Spinach Puree with Fried Potatoes and Sunny Side Up Eggs
A fresh German breakfast featuring creamy spinach puree topped with golden fried potatoes and perfectly cooked sunny side up eggs. Try this and more recipes from Spoonsparrow!
Ingredients
- 800 g spinach
- Salt
- 125 g crème fraîche
- pepper (ground)
- nutmeg
- 2 Garlic cloves
- 800 g cooked potatoes (from the day before)
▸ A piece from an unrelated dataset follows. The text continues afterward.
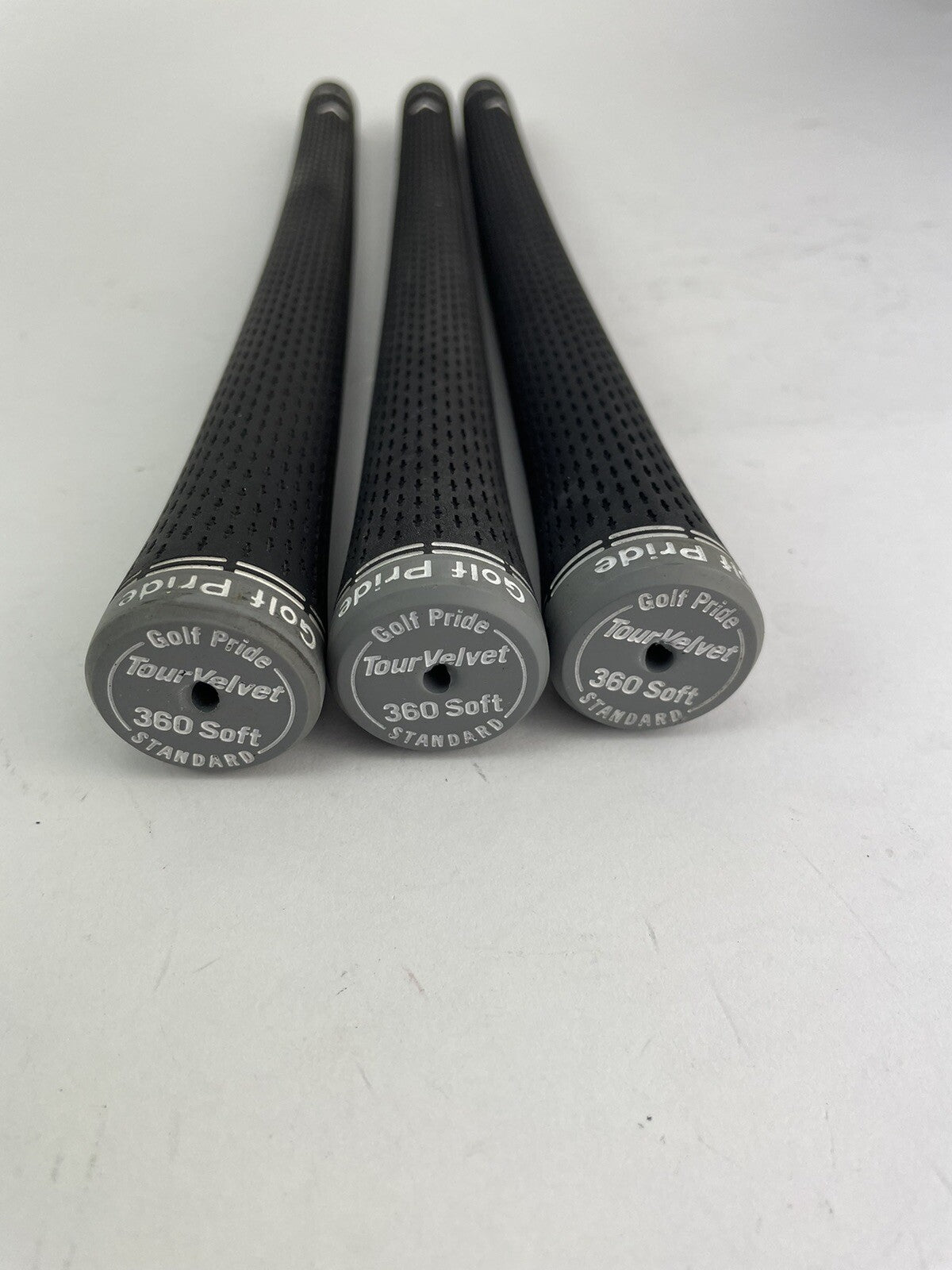 Golf Pride Tour Velvet 360 Soft Grips (3) Standard /Black /Grey /Pulled /304903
- clarified butter for frying
- 1 Shallot
- 4 eggs
- butter for cooking
Instructions
-
1.
Bring a pot of salted water to boil for the spinach.
-
2.
Wash, trim and drop the spinach into the boiling water until wilted; drain, rinse with cold water and let it drip dry.
-
3.
Heat a little clarified butter in a pan; slice the potatoes and fry them slowly for about 8 minutes until golden brown.
-
4.
Meanwhile peel and halve the shallot, sauté for a few minutes, then season the potatoes with salt and pepper.
-
5.
Squeeze out excess liquid from the spinach and blend with crème fraîche and a splash of blanching water; season with salt, pepper, and nutmeg.
-
6.
In another pot melt 1 tablespoon butter; finely chop garlic, sauté briefly, add the spinach mixture and keep warm.
-
7.
For the sunny side up eggs, heat some butter in a pan, crack the eggs in, cook until whites set but yolks remain runny, seasoning with salt and pepper.
-
8.
Serve by arranging the creamy spinach, fried potatoes, and sunny side up eggs on plates.